"Dress like a boy, talk like a girl." Leikeli47's rap on the soundtrack was an aggressive reiteration of Duckie Brown
's ongoing assault on the stereotypical. Steven Cox and Daniel Silver make menswear that is never anything less than intensely masculine. It's just that their man is no run-of-the-mill testosterone sac. Cox's incorrigible desire to mess with his audience's minds meant that today's models sported a bowl cut inspired by Purdey, the character that Joanna Lumley played in the cult Brit TV show The New Avengers,
but that cheesy femme quality was counterbalanced by outfits that were, claimed Cox, at least partially influenced by photos of South African farm workers.
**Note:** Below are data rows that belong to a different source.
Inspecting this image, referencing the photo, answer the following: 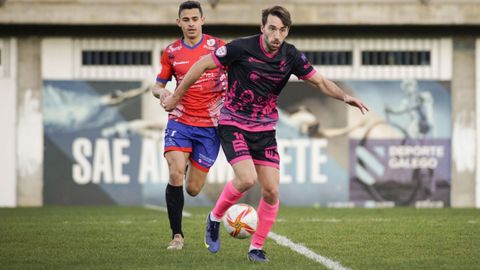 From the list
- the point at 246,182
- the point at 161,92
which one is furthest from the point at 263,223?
the point at 161,92

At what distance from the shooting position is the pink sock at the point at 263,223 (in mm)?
9180

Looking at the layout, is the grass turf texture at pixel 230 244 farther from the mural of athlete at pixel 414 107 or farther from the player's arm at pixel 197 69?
the mural of athlete at pixel 414 107

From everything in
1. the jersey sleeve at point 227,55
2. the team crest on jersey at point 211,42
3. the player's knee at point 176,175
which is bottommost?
the player's knee at point 176,175

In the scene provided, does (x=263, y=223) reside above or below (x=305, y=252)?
above

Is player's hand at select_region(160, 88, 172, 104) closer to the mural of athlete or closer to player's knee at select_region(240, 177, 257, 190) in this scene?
player's knee at select_region(240, 177, 257, 190)

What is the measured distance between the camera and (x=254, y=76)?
920 cm

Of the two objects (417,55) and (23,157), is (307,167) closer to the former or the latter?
(417,55)

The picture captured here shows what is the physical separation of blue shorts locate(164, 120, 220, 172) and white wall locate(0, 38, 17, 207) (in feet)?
41.1

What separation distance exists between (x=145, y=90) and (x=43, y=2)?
2703 mm

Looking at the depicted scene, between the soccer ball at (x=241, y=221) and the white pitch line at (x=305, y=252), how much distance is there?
52cm

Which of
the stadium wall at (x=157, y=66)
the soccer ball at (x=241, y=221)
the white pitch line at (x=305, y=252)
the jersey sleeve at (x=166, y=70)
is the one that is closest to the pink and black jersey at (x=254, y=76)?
the soccer ball at (x=241, y=221)

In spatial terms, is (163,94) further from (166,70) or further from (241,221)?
(241,221)

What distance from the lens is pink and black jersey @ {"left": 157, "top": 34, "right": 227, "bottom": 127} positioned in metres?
11.0

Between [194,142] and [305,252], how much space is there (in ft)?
5.94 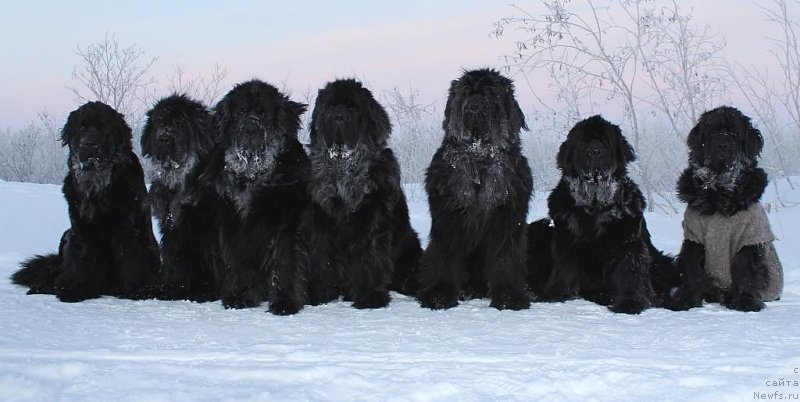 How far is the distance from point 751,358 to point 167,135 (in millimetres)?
4353

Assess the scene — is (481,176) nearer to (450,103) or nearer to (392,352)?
(450,103)

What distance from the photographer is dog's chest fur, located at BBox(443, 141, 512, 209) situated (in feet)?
17.1

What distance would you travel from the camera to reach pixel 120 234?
5590mm

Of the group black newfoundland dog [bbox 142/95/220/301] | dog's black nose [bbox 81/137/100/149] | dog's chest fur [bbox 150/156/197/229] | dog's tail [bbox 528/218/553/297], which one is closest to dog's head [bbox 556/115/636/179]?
dog's tail [bbox 528/218/553/297]

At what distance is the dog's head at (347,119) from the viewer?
5.21m

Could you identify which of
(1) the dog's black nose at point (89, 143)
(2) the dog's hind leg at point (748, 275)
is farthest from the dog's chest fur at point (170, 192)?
(2) the dog's hind leg at point (748, 275)

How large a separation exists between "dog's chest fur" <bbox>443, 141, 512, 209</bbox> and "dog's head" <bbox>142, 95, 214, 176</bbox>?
205 cm

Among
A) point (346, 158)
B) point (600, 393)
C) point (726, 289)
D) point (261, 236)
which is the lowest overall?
point (600, 393)

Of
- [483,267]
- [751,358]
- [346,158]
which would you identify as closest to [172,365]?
[346,158]

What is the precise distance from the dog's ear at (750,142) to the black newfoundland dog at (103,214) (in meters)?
4.77

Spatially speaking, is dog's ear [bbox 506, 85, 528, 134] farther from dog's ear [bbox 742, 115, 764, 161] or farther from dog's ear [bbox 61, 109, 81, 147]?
dog's ear [bbox 61, 109, 81, 147]

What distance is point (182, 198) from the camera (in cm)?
537

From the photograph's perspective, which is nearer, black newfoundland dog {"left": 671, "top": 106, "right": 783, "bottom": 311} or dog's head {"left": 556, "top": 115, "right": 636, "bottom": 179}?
black newfoundland dog {"left": 671, "top": 106, "right": 783, "bottom": 311}

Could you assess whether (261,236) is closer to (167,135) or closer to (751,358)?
(167,135)
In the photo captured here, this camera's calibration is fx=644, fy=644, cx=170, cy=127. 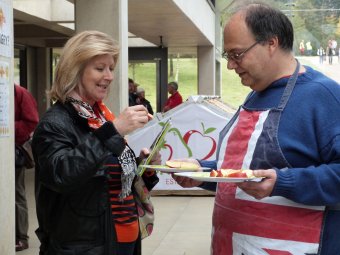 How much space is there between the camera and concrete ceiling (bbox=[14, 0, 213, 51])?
13.6 m

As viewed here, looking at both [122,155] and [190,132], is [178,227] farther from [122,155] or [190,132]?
[122,155]

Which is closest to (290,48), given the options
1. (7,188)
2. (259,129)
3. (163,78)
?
(259,129)

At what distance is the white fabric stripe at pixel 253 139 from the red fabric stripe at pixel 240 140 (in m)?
0.02

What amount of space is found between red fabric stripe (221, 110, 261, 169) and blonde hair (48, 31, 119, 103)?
30.5 inches

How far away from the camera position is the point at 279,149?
2.35 metres

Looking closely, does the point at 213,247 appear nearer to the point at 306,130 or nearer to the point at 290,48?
the point at 306,130

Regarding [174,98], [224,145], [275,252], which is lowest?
[275,252]

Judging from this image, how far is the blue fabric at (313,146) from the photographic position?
7.41 feet

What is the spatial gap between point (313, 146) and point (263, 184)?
270 mm

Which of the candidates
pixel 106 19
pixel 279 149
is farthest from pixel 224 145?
pixel 106 19

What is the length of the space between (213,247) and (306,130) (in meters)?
0.67

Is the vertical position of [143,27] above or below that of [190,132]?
above

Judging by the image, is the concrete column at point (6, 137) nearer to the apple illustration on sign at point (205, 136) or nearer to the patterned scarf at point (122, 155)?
the patterned scarf at point (122, 155)

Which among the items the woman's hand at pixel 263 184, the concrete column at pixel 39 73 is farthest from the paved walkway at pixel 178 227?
the concrete column at pixel 39 73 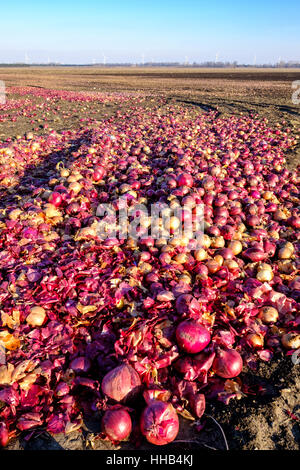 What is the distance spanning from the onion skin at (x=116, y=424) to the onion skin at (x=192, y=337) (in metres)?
0.87

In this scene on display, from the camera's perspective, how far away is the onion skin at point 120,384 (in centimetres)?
264

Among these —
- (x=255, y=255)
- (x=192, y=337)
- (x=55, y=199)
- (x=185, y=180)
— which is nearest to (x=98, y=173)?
(x=55, y=199)

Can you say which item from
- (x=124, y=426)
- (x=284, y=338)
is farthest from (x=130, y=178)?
(x=124, y=426)

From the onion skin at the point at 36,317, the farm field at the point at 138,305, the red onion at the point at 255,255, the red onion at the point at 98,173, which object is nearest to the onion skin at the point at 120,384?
the farm field at the point at 138,305

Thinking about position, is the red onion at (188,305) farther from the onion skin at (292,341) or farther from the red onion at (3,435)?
the red onion at (3,435)

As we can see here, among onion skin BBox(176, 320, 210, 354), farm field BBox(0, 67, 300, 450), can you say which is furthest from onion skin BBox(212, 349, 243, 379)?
onion skin BBox(176, 320, 210, 354)

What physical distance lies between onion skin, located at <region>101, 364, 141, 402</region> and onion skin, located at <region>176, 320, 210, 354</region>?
601mm

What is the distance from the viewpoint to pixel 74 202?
17.9ft

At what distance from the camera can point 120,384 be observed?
8.67 feet

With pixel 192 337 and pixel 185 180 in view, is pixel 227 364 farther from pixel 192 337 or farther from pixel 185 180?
pixel 185 180

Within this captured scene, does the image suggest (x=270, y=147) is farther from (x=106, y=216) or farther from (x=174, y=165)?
(x=106, y=216)

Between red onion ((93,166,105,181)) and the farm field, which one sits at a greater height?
red onion ((93,166,105,181))

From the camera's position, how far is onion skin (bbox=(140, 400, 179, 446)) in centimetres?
243

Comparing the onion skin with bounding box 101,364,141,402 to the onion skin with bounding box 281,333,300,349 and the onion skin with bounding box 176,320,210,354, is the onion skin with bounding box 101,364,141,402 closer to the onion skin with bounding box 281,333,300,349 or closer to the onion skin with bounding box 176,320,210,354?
the onion skin with bounding box 176,320,210,354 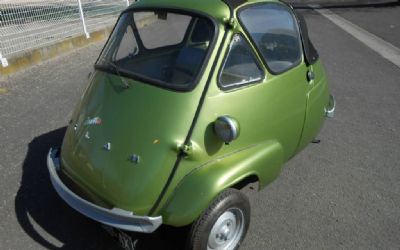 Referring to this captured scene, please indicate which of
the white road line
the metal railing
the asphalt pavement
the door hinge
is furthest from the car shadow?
the white road line

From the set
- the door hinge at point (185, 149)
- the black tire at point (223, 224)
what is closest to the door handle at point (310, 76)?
the black tire at point (223, 224)

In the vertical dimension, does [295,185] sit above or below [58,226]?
below

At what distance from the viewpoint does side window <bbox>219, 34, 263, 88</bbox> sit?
276 centimetres

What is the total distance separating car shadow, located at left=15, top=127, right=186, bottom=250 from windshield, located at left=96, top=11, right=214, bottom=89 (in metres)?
1.13

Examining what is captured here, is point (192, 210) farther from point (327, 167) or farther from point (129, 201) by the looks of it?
point (327, 167)

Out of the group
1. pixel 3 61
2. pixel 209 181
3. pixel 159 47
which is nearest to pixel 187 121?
pixel 209 181

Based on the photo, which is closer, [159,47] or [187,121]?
[187,121]

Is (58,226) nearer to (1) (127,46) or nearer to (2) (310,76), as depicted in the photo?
(1) (127,46)

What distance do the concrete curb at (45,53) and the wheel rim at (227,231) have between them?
17.3 ft

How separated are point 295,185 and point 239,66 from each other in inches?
53.9

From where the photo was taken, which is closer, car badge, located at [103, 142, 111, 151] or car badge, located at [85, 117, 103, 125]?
car badge, located at [103, 142, 111, 151]

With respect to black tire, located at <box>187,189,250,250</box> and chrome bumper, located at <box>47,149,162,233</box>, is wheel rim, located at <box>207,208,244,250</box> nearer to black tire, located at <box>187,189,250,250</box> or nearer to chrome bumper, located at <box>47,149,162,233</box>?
black tire, located at <box>187,189,250,250</box>

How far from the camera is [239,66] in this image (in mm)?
2846

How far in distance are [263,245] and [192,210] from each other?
32.1 inches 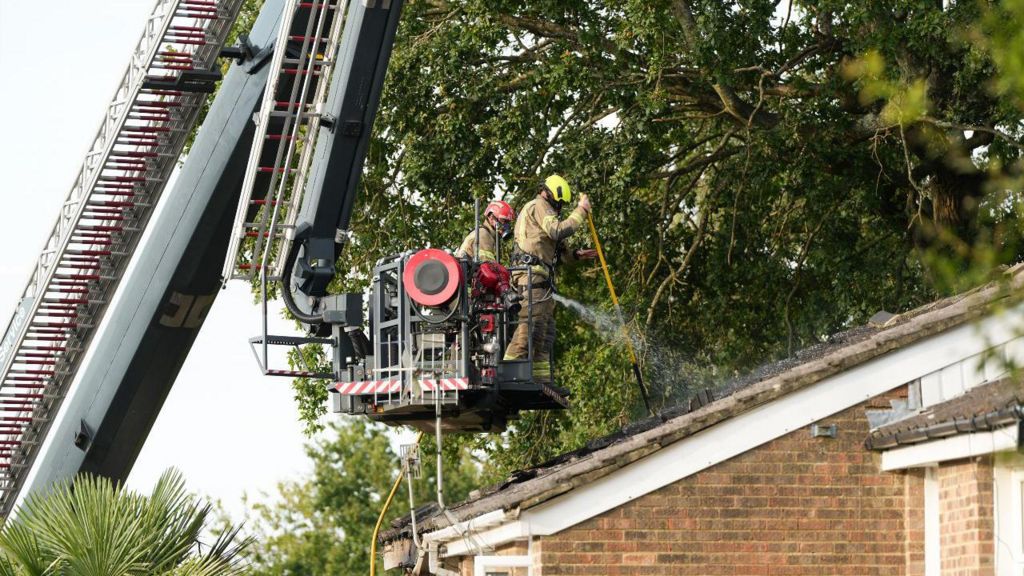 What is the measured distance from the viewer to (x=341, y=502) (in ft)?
186

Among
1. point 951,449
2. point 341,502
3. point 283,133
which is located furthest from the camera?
point 341,502

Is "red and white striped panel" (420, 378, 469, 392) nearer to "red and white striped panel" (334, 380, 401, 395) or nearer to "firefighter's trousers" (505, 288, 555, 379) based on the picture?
"red and white striped panel" (334, 380, 401, 395)

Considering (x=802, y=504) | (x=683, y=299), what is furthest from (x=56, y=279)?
(x=683, y=299)

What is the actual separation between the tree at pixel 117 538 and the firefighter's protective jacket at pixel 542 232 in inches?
146

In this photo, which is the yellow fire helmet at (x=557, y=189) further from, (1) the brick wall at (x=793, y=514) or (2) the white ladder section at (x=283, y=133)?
(1) the brick wall at (x=793, y=514)

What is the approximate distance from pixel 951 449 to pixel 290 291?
718 centimetres

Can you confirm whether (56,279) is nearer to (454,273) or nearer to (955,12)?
(454,273)

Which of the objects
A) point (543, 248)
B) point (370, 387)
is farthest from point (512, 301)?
point (370, 387)

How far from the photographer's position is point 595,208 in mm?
21109

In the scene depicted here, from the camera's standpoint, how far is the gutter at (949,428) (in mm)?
9352

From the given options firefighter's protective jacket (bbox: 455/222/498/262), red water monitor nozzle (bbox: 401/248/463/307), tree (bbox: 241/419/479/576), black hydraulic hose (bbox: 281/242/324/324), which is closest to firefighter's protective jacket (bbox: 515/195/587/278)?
firefighter's protective jacket (bbox: 455/222/498/262)

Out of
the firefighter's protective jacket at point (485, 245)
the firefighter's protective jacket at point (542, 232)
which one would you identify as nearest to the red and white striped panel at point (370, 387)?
the firefighter's protective jacket at point (485, 245)

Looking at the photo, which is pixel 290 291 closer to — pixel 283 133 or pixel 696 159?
pixel 283 133

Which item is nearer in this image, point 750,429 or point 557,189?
point 750,429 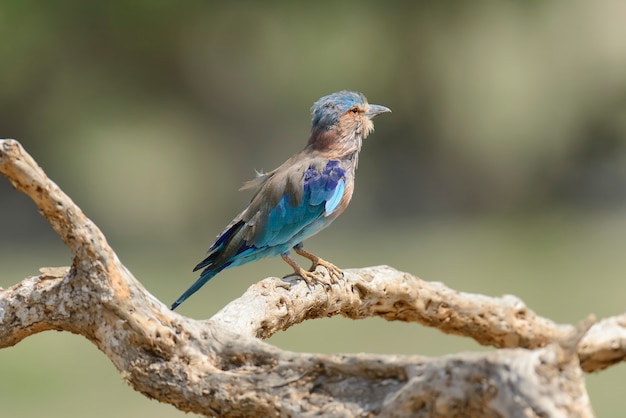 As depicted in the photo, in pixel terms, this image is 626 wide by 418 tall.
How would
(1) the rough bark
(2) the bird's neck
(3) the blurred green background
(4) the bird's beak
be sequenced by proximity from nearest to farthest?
(1) the rough bark, (2) the bird's neck, (4) the bird's beak, (3) the blurred green background

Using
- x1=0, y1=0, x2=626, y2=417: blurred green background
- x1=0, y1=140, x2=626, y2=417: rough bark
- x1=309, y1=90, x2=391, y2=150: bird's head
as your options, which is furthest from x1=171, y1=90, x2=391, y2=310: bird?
x1=0, y1=0, x2=626, y2=417: blurred green background

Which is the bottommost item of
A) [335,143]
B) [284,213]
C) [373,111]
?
[284,213]

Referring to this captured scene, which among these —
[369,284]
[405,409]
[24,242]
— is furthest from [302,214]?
[24,242]

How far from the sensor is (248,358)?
234 cm

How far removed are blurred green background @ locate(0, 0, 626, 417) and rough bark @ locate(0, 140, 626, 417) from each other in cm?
961

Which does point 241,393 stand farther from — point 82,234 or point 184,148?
point 184,148

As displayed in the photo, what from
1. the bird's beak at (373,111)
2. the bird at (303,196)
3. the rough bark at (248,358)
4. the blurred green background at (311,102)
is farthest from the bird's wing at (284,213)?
the blurred green background at (311,102)

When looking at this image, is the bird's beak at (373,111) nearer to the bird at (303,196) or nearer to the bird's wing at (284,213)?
the bird at (303,196)

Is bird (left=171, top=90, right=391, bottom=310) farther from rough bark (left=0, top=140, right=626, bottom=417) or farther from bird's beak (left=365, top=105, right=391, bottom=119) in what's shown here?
rough bark (left=0, top=140, right=626, bottom=417)

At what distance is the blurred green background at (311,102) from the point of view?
512 inches

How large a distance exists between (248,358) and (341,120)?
1.72m

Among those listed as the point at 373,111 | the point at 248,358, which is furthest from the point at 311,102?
the point at 248,358

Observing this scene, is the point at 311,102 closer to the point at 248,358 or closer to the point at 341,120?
the point at 341,120

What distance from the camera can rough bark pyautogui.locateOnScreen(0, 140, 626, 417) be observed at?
1.90 metres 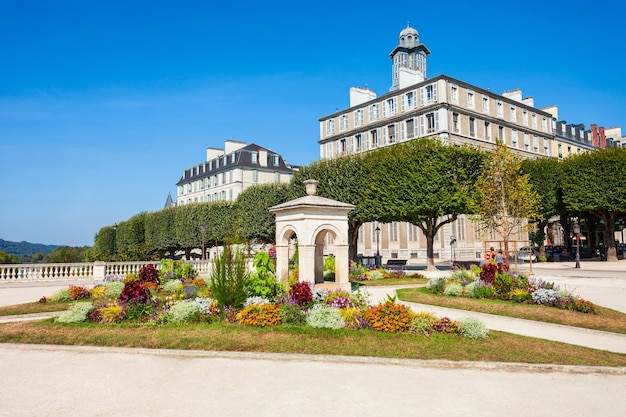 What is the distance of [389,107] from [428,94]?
6277 millimetres

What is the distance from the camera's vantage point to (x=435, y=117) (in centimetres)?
5103

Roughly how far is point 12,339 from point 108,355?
3.22 m

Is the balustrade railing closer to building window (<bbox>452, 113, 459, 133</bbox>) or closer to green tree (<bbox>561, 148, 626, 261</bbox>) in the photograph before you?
green tree (<bbox>561, 148, 626, 261</bbox>)

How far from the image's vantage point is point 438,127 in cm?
5038

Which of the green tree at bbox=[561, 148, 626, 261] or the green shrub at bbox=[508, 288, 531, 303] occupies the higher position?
the green tree at bbox=[561, 148, 626, 261]

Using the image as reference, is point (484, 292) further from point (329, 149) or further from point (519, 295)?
point (329, 149)

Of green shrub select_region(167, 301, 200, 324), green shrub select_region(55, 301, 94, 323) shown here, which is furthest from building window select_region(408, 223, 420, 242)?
green shrub select_region(55, 301, 94, 323)

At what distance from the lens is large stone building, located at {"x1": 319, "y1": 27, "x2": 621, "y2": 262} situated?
51062 mm

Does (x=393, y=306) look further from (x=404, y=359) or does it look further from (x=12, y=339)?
(x=12, y=339)

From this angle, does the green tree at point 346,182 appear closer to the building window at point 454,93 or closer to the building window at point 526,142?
the building window at point 454,93

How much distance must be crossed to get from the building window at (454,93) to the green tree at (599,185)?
52.8 ft

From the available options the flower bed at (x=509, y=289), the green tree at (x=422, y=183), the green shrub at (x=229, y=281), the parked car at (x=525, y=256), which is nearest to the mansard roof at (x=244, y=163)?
the parked car at (x=525, y=256)

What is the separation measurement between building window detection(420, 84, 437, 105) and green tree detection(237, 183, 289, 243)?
71.7 ft

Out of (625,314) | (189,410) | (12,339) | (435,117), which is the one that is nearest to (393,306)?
(189,410) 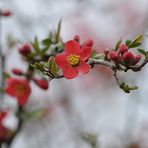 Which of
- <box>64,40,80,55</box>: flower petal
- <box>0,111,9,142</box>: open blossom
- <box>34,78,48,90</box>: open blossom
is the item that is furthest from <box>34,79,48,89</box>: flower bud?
<box>0,111,9,142</box>: open blossom

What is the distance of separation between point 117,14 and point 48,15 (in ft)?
3.74

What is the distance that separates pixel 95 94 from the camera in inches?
206

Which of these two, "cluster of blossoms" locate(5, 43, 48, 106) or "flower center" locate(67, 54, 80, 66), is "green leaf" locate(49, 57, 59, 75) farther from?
"cluster of blossoms" locate(5, 43, 48, 106)

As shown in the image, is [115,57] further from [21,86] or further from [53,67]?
[21,86]

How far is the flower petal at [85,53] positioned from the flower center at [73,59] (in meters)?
0.01

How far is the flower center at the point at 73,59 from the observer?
152cm

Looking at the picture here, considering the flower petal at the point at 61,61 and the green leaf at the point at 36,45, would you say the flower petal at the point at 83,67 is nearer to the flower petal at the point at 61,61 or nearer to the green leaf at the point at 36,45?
the flower petal at the point at 61,61

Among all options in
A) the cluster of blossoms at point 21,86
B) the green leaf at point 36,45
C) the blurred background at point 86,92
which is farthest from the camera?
the blurred background at point 86,92

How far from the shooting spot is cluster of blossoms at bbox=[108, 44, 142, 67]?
4.83 feet

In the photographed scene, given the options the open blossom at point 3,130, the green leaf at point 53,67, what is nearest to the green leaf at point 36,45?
the green leaf at point 53,67

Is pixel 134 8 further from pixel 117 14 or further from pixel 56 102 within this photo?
pixel 56 102

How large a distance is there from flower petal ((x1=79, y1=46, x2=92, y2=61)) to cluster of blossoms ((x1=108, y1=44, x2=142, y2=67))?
7 centimetres

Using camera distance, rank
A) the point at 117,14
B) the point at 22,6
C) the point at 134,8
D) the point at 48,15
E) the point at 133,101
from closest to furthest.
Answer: the point at 133,101 → the point at 48,15 → the point at 22,6 → the point at 117,14 → the point at 134,8

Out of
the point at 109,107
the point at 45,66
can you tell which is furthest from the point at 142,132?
the point at 45,66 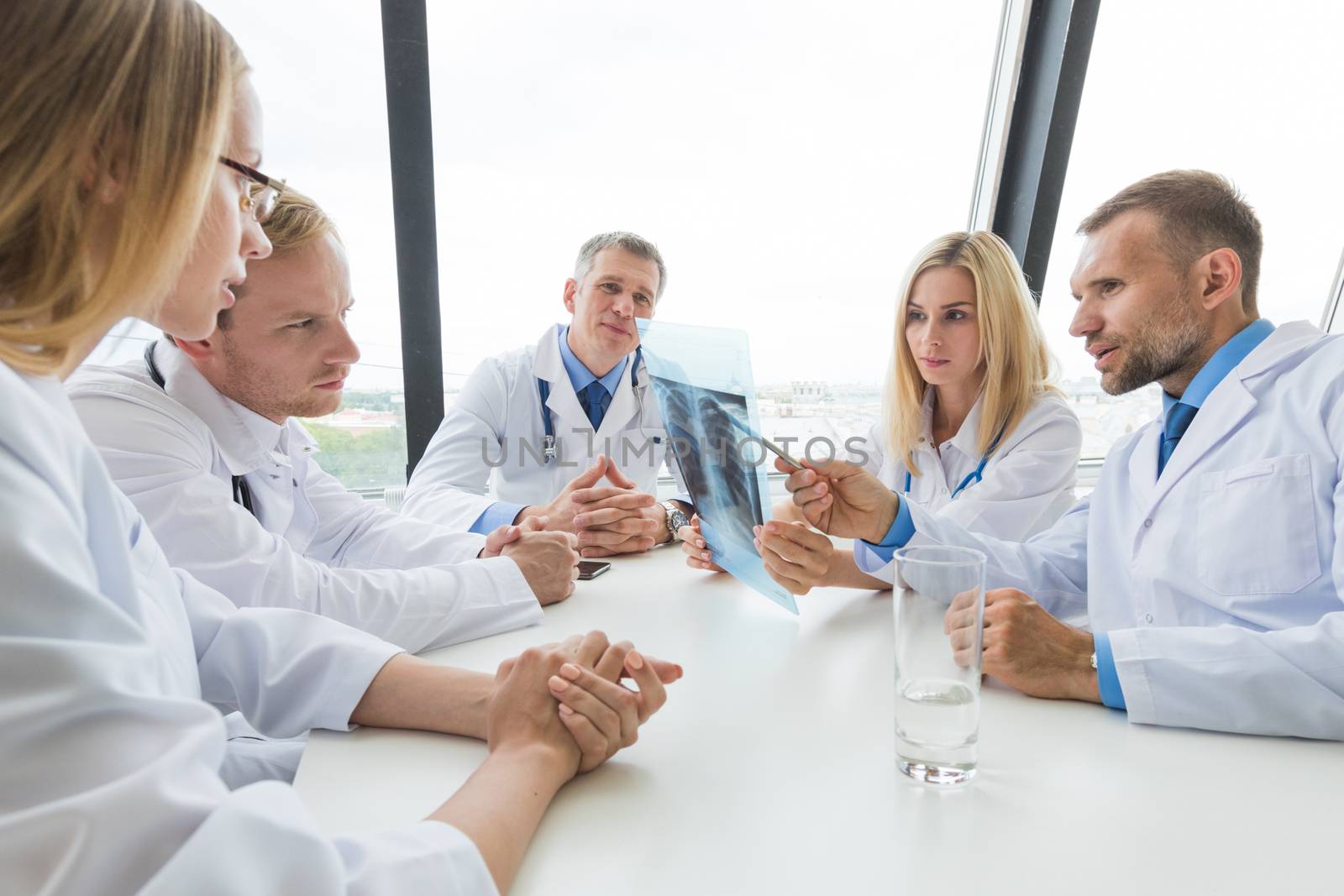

At its most literal, this influence elaborated on the market-trader vibe of last season, with aprons cut from jute sacks of a fair-trade provenance, but otherwise the African association felt like something more elegant, more North than South. There's usually something a bit fantastical in a DB collection, and here it arrived in the vision of Cox's short-over-long-over-pants layering in pure white cotton or desert khaki or stripes, dropped crotch optional. In other words, clothes fit for a stylish young man-about-Marrakech.
Which is perhaps a little too
fantastical, given that the collection was possibly Duckie Brown's most refined challenge to date to hidebound Western notions of what constitutes appropriateness in menswear. (Cue Leikeli47's urgent declamations.) And yet what looked at first view like yet another rejoining of the men-in-skirts debate was actually Cox's twisty little deconstruction of the very foundations of sports
-wear. A halter-top shift was an elongated sweatshirt with the sleeves taken out. A skirt was simply basketball shorts with the seams opened up. Paired with a polo shirt, it wasn't so hard to picture it on one of the laddish football fanatics that Cox admired from afar in his impressionable English youth. Turning the familiar into something strange, making you look at it anew—it's always been this way with Duckie Brown. And if there's anyone in New York who can seduce the butchest boy on the block into wearing a blouson cut from fine French lace, it's these two.